[EXTRACTED ENTRIES]
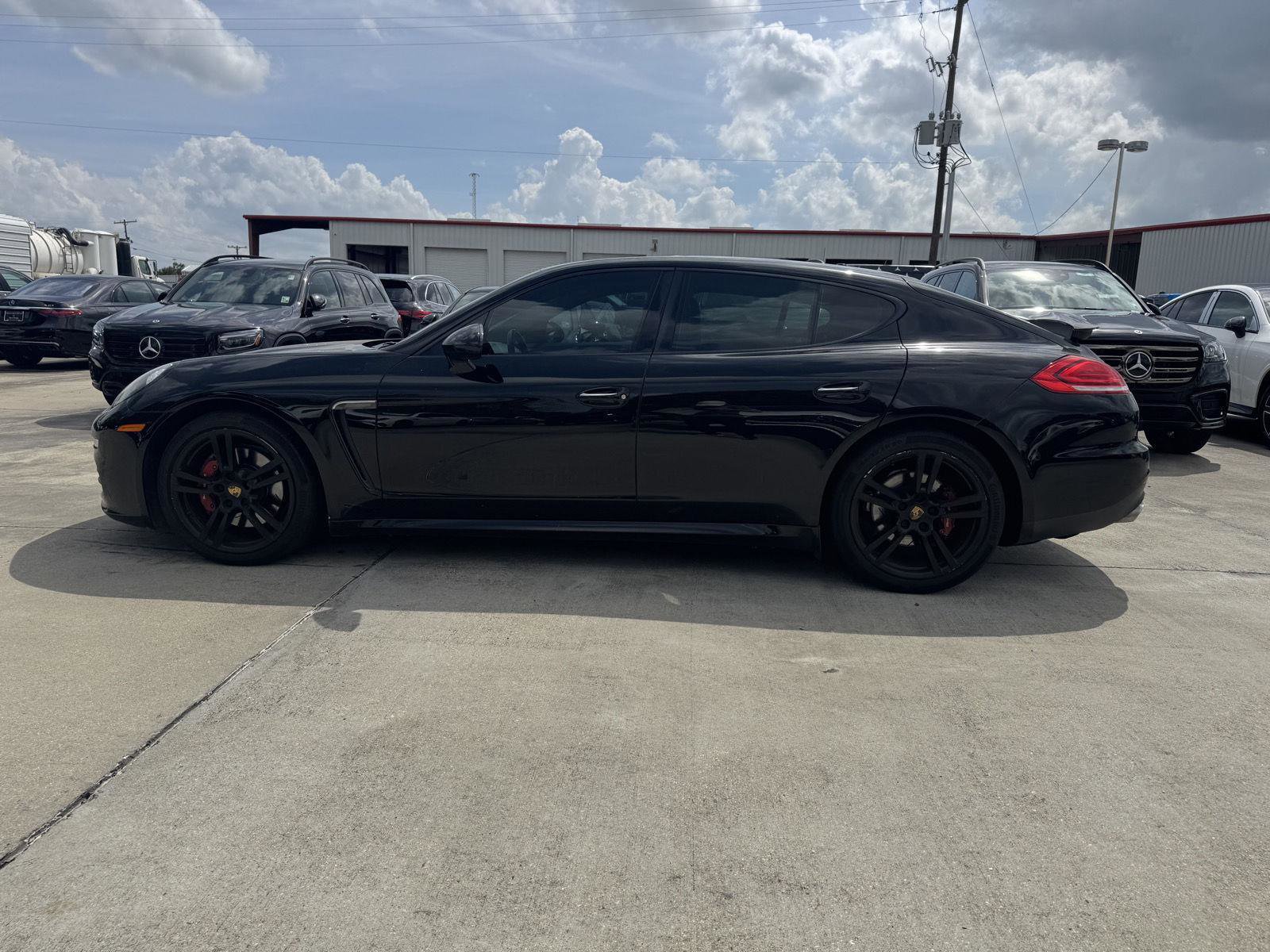 Used 2014 Porsche Panamera 4 image 16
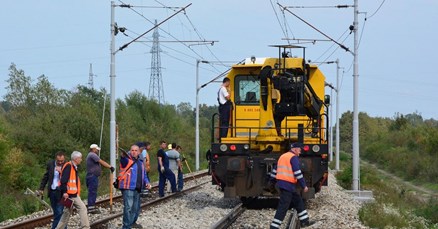 Jedna osoba poginula u naletu vlaka na traktor kod Donjih Andrijevaca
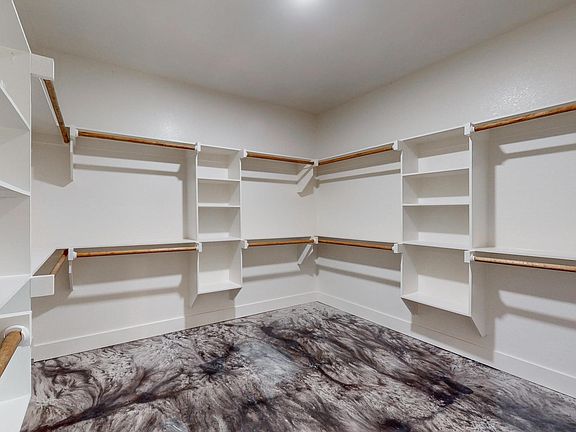 5th image of 2030 Shoemaker Rd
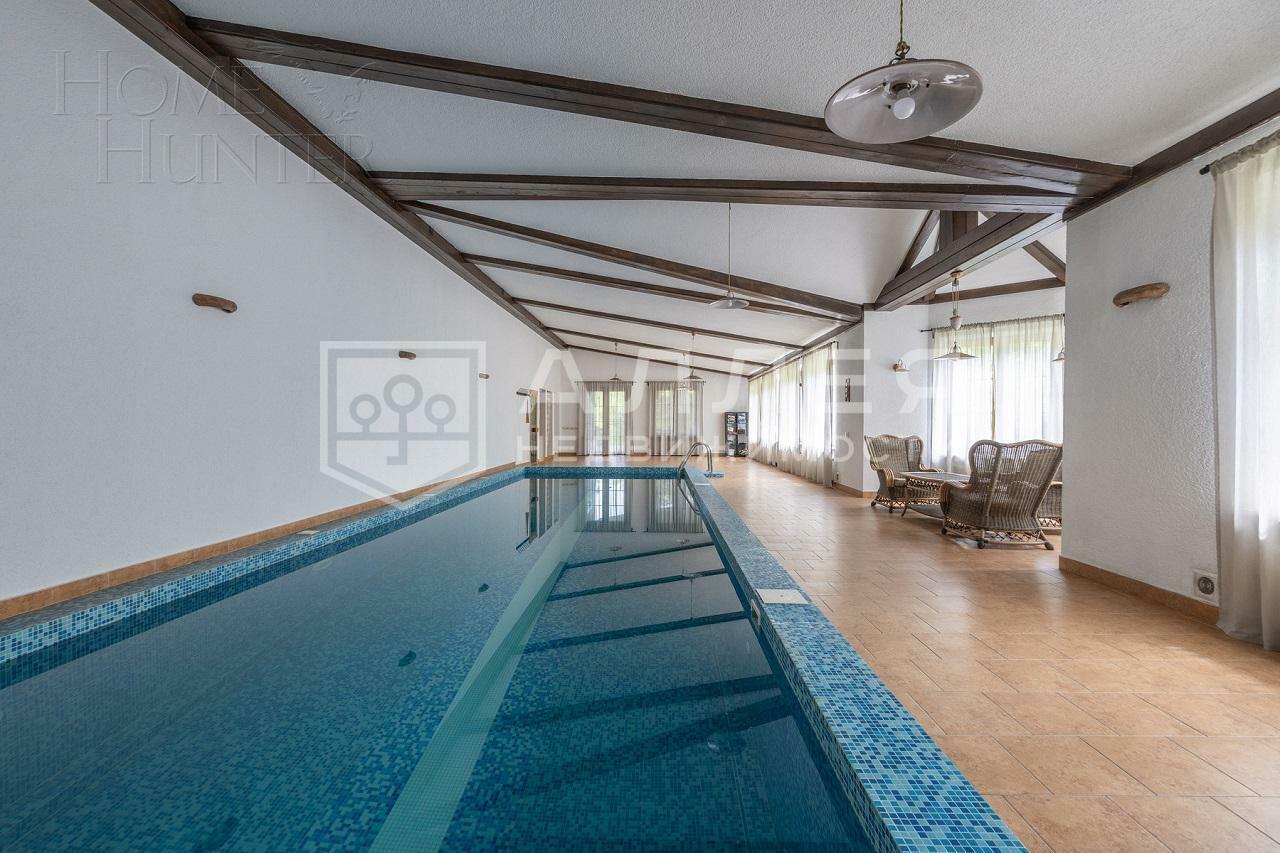 2-этажный коттедж 840 м² с отделкой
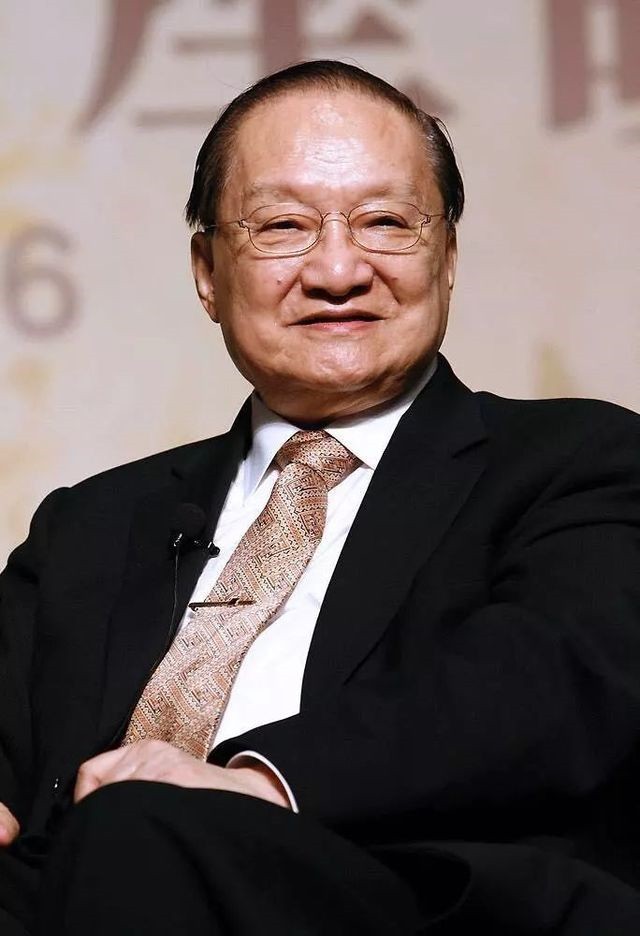 3年前金庸逝世，书迷自发赶到医院，次子捧遗像送父亲最后一程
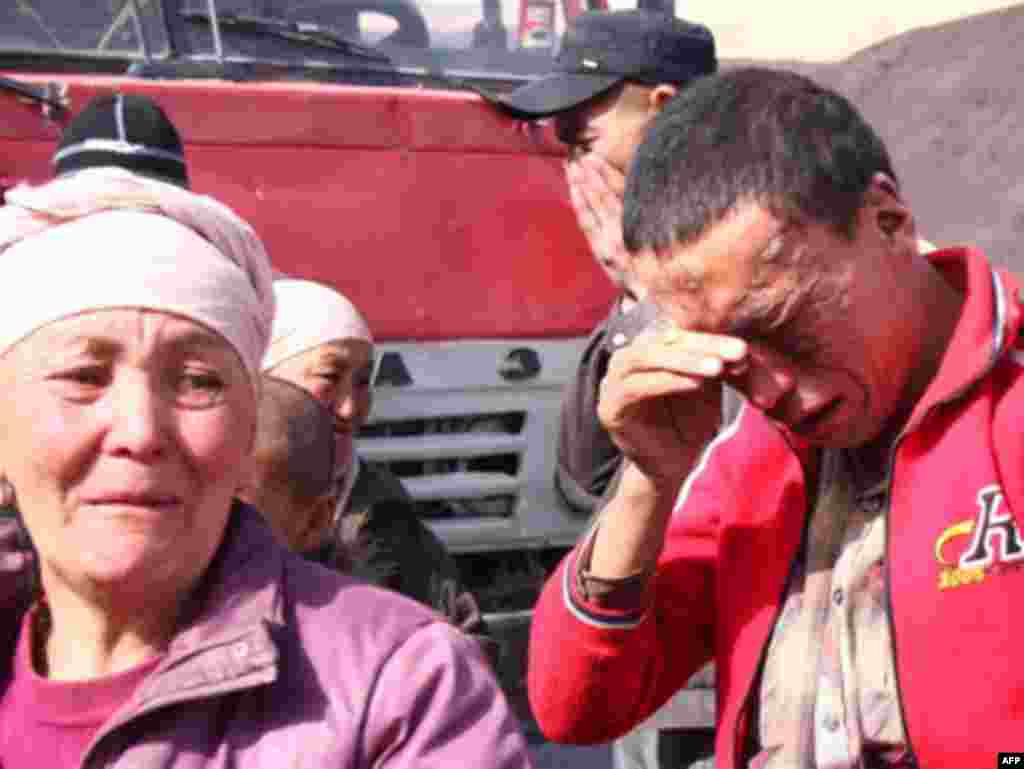 Residents are overwhelmed by the loss of life. - KYRGYZSTAN, NURA : A Kyrgyz man cries at the site of a major earthquake in Nura on October 6, 2008. Rescuers raced to reach a remote village in Kyrgyzstan on Monday after a strong earthquake killed at least 72 people in a mountainous area near the border with China, officials said. The quake late Sunday, which measured magnitude 6.6 according to the US Geological Survey (USGS), razed the village of Nura in the isolated Alaisky district, high in the Tian Shan mountain range. A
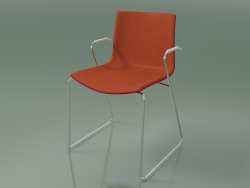 Cadeira 0470 (sobre trilhos com braços, com acabamento frontal, em polipropileno PO00104)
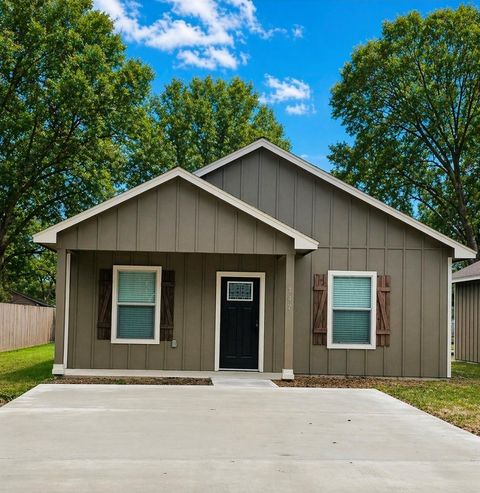 Photo of 305 E Waring, Dayton, TX 77535 (MLS # 50139926)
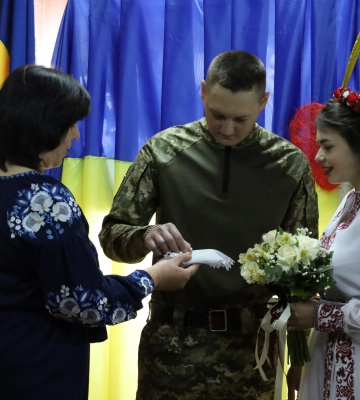 Поспішав, бо мусить від’їжджати: на Волині одружився військовий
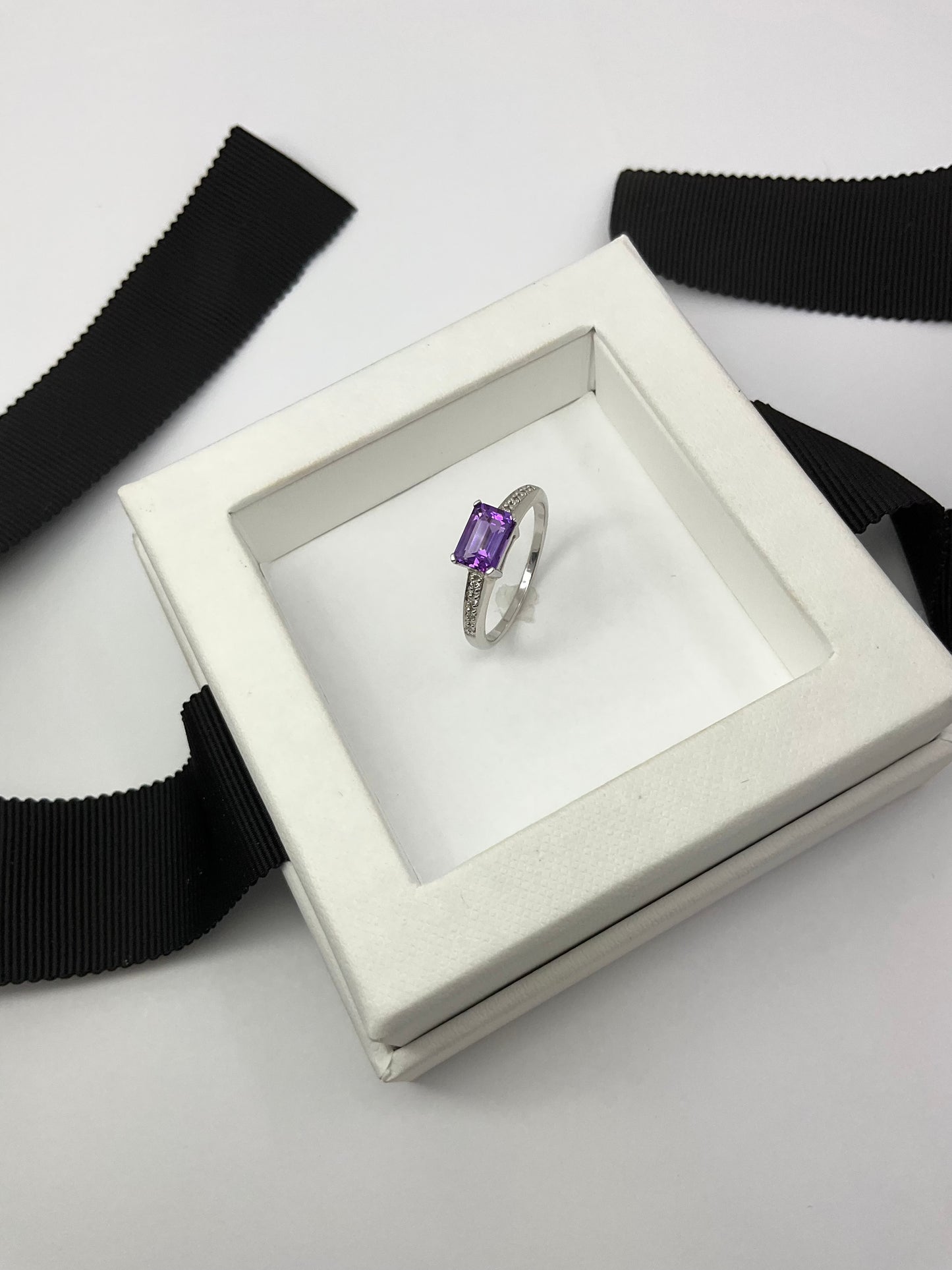 14KW Gold Amethyst Diamond Ring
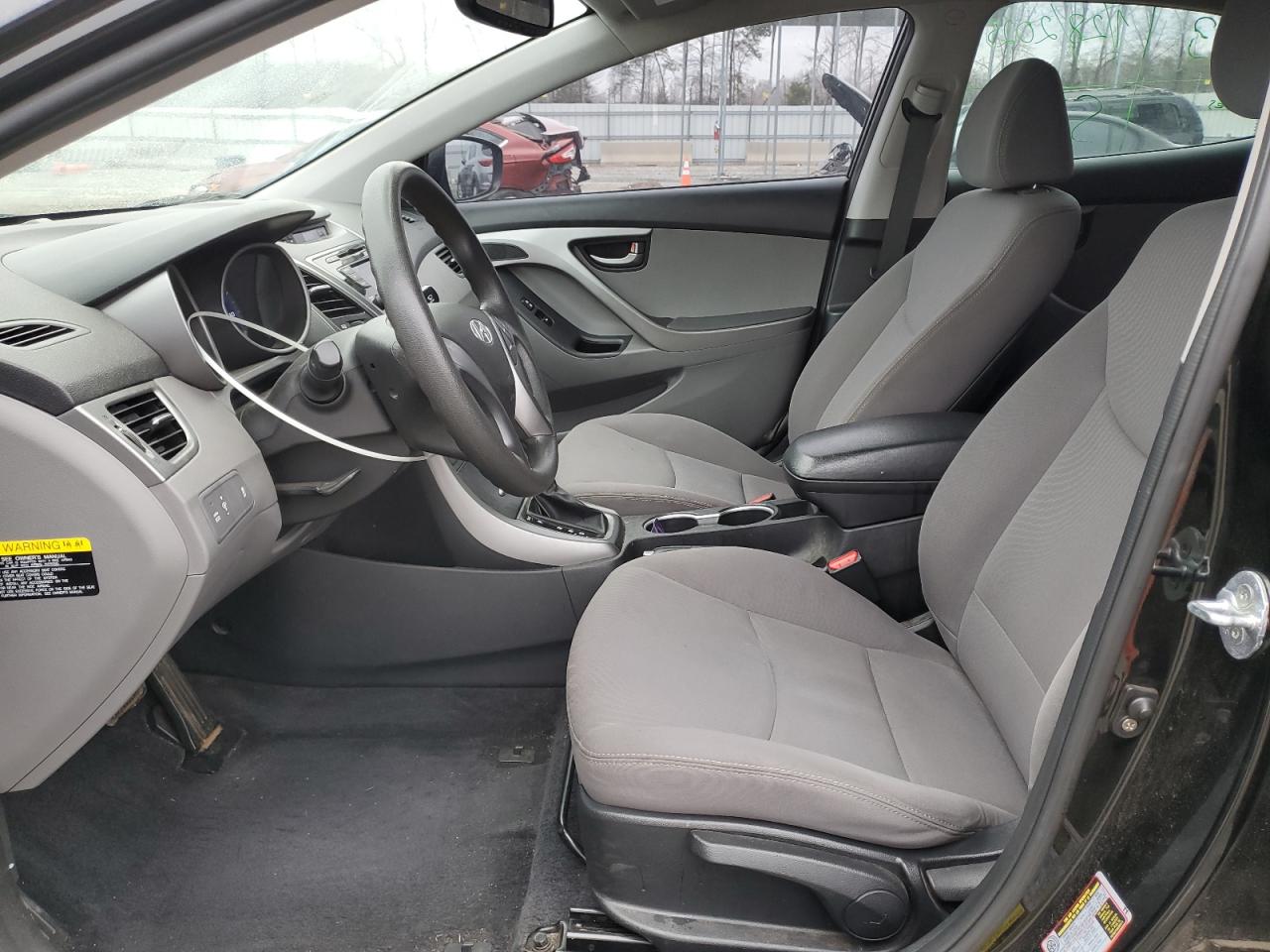 2016 Hyundai Elantra - Image 7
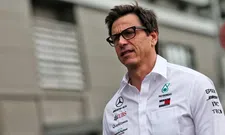 Thumbnail for article: Wolff gaat in op teamorders Mercedes: "Moesten Albon afhouden"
[/EXTRACTED ENTRIES]
* _WHAT THE TASK REQUIRES_
Word for word, set down the lines from the line with "Photo of 305" through the last line of the entries, and nothing else; the pictures stay out.

* _EXERCISE RESULT_
 Photo of 305 E Waring, Dayton, TX 77535 (MLS # 50139926)
 Поспішав, бо мусить від’їжджати: на Волині одружився військовий
 14KW Gold Amethyst Diamond Ring
 2016 Hyundai Elantra - Image 7
 Thumbnail for article: Wolff gaat in op teamorders Mercedes: "Moesten Albon afhouden"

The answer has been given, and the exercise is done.